03-09-2025
Research, Residential, Offices, Logistics

Historically low valuations in Swedish real estate sector

Nordic bank Handelsbanken reports that the Swedish real estate sector is currently experiencing a historically low valuation. 

Stockholm

Stockholm

This is largely due to a 23% drop in the real estate index since October 2024, while the bank's sector forecasts have remained consistent.
In an analysis, Handelsbanken expressed a positive view of the sector and identified favorites within the office, industrial/warehouse, and residential segments. 
Despite stabilized interest rates, steady property values, consistent dividend yields, and anticipated earnings growth from 2025–2027, valuations in the real estate sector remain depressed.
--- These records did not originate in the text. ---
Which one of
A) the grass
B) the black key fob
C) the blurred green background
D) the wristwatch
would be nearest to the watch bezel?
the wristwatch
The bank notes that the impact of interest rate hikes in late 2024 and early 2025 has not fully dissipated, even with subsequent lower market rates and credit spreads. Estimates for earnings per share and net asset values have barely changed since October 2024, yet share prices have fallen by approximately 20%, making current valuations significantly more attractive than a year ago.
Assuming interest rates have peaked and property direct yields remain stable, Handelsbanken forecasts that the sector's earnings per share will grow by an average of 9.2% annually from 2024–2027 (with offices at 7%, industry at 13%, and residential at 9%).
The bank believes that the focus should shift from speculating on falling interest rates to recognizing that current stable rates are supportive. They also anticipate that expected GDP growth will eventually bolster the leasing of commercial properties. The bank suggests that increased transaction volumes could help support property valuations and differentiate between high and low-quality assets.
Handelsbanken's top choices include Platzer for offices, Catena for industrial and warehouses, and Trianon for residential properties.
The bank believes that Platzer’s current share valuation is overly pessimistic, not reflecting expected profit growth, prime Gothenburg office locations, and top-tier logistics properties.
Catena's share price has dropped 24% over the past year, while its profit forecast has risen by about 10%, indicating an attractive entry level with limited risk of lowered forecasts. Handelsbanken also positively notes the recent acquisition in Jönköping and the CEO's strong statements regarding future acquisitions in the Q2 report.
In the housing segment, Trianon is favoured due to anticipated strong demand in the Malmö region. The bank forecasts that Trianon can achieve double-digit profit growth in the coming years, driven by rent increases and lower financing costs.